今まで知らなかったがそれまでも彼自身が長い療養生活を送っていたとのこと。山形新聞に記事があった。

 

 昭和32年11月、藤沢周平さんは長い療養生活を終えて東京都内の療養所(北多摩郡東村山町)を退院する。30歳は目前だった。郷里に戻って教職に復帰することは叶(かな)わず、10月、東京のさる業界新聞社に入社する。その先に束(つか)の間の幸せな日々があった。昭和34年、郷里の後輩三浦悦子さんと結婚する。狭いアパート暮らしの共稼ぎ夫婦だったが、仕事の終えた「夕方は池袋駅で待ち合わせて一緒に帰るようなこと」もある(「半生の記」)、満ち足りた日々だった。

 

 そのころ、妻の悦子さんは妊娠中だった。もともと創作の才能と意欲に恵まれていた藤沢さんが、一応の生活の安定とわが子の誕生の期待に励まされてこの時期に小説を書き出したことはよくわかる。また書き出された小説が忍者ふうの隠れ切支丹(きりしたん)の一団の「暗闘」を描く時代小説だったことも納得できる。
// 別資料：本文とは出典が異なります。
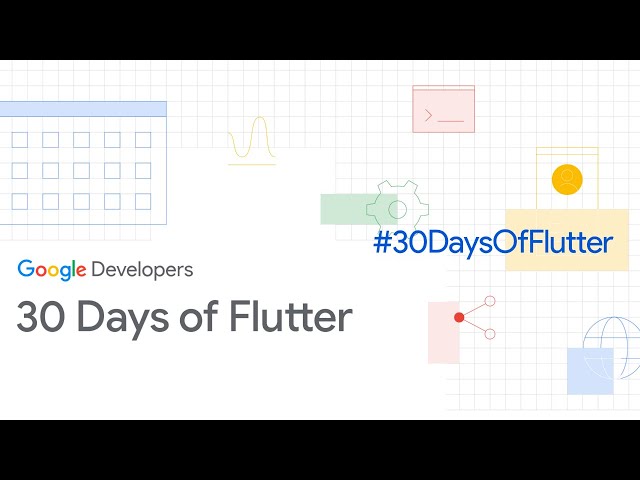 30 Days of Flutter - Kick Off - #30DaysOfFlutter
それは、少年時代の濫読(らんどく)体験を遠い原点とする〈面白い小説〉の水脈に通じるものだっただろう。「本であれ映画であれ、かつてそれで胸を躍らせた記憶が、時代小説を書く衝動を呼び起こすのである」(「時代小説の状況」)という作者自身の言葉もある。-同じ版元発行の雑誌への寄稿は翌年に持ち越され、38年には9編の小説が「読切劇場」その他に掲載される。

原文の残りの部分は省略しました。